» The problem
Output all the records below, word for word.

» Data

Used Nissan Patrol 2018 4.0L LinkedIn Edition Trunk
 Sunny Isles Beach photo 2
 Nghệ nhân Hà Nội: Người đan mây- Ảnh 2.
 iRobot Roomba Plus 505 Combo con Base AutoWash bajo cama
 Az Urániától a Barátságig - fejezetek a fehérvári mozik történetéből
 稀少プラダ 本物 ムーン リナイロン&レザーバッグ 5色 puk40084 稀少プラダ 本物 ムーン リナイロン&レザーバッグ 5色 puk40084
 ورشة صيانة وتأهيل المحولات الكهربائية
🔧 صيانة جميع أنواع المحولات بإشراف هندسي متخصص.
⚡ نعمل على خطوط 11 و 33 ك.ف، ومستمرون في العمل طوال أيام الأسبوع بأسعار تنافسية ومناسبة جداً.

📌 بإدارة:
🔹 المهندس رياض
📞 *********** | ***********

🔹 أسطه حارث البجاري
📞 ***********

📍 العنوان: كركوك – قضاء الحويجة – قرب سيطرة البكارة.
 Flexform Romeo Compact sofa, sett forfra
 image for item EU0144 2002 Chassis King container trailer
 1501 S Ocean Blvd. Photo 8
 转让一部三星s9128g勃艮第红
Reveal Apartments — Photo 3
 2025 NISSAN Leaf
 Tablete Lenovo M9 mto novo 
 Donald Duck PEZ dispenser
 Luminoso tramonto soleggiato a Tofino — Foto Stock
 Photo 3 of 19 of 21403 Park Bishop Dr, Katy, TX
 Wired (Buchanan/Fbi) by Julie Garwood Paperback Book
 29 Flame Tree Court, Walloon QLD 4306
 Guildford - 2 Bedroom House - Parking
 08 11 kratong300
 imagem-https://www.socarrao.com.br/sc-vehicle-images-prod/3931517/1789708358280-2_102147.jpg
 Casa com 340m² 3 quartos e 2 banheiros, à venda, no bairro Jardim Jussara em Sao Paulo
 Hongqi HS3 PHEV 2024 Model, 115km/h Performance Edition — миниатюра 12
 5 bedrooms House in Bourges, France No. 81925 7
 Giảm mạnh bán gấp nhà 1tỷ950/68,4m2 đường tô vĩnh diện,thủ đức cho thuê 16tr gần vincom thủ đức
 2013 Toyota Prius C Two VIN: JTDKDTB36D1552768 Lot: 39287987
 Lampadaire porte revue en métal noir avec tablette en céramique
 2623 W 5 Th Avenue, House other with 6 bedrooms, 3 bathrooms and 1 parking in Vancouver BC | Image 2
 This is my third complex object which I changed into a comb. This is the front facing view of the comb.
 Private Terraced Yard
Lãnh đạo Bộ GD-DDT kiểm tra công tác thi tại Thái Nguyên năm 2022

» Completed exercise
Used Nissan Patrol 2018 4.0L LinkedIn Edition Trunk
 Sunny Isles Beach photo 2
 Nghệ nhân Hà Nội: Người đan mây- Ảnh 2.
 iRobot Roomba Plus 505 Combo con Base AutoWash bajo cama
 Az Urániától a Barátságig - fejezetek a fehérvári mozik történetéből
 稀少プラダ 本物 ムーン リナイロン&レザーバッグ 5色 puk40084 稀少プラダ 本物 ムーン リナイロン&レザーバッグ 5色 puk40084
 ورشة صيانة وتأهيل المحولات الكهربائية
🔧 صيانة جميع أنواع المحولات بإشراف هندسي متخصص.
⚡ نعمل على خطوط 11 و 33 ك.ف، ومستمرون في العمل طوال أيام الأسبوع بأسعار تنافسية ومناسبة جداً.

📌 بإدارة:
🔹 المهندس رياض
📞 *********** | ***********

🔹 أسطه حارث البجاري
📞 ***********

📍 العنوان: كركوك – قضاء الحويجة – قرب سيطرة البكارة.
 Flexform Romeo Compact sofa, sett forfra
 image for item EU0144 2002 Chassis King container trailer
 1501 S Ocean Blvd. Photo 8
 转让一部三星s9128g勃艮第红
Reveal Apartments — Photo 3
 2025 NISSAN Leaf
 Tablete Lenovo M9 mto novo 
 Donald Duck PEZ dispenser
 Luminoso tramonto soleggiato a Tofino — Foto Stock
 Photo 3 of 19 of 21403 Park Bishop Dr, Katy, TX
 Wired (Buchanan/Fbi) by Julie Garwood Paperback Book
 29 Flame Tree Court, Walloon QLD 4306
 Guildford - 2 Bedroom House - Parking
 08 11 kratong300
 imagem-https://www.socarrao.com.br/sc-vehicle-images-prod/3931517/1789708358280-2_102147.jpg
 Casa com 340m² 3 quartos e 2 banheiros, à venda, no bairro Jardim Jussara em Sao Paulo
 Hongqi HS3 PHEV 2024 Model, 115km/h Performance Edition — миниатюра 12
 5 bedrooms House in Bourges, France No. 81925 7
 Giảm mạnh bán gấp nhà 1tỷ950/68,4m2 đường tô vĩnh diện,thủ đức cho thuê 16tr gần vincom thủ đức
 2013 Toyota Prius C Two VIN: JTDKDTB36D1552768 Lot: 39287987
 Lampadaire porte revue en métal noir avec tablette en céramique
 2623 W 5 Th Avenue, House other with 6 bedrooms, 3 bathrooms and 1 parking in Vancouver BC | Image 2
 This is my third complex object which I changed into a comb. This is the front facing view of the comb.
 Private Terraced Yard
Lãnh đạo Bộ GD-DDT kiểm tra công tác thi tại Thái Nguyên năm 2022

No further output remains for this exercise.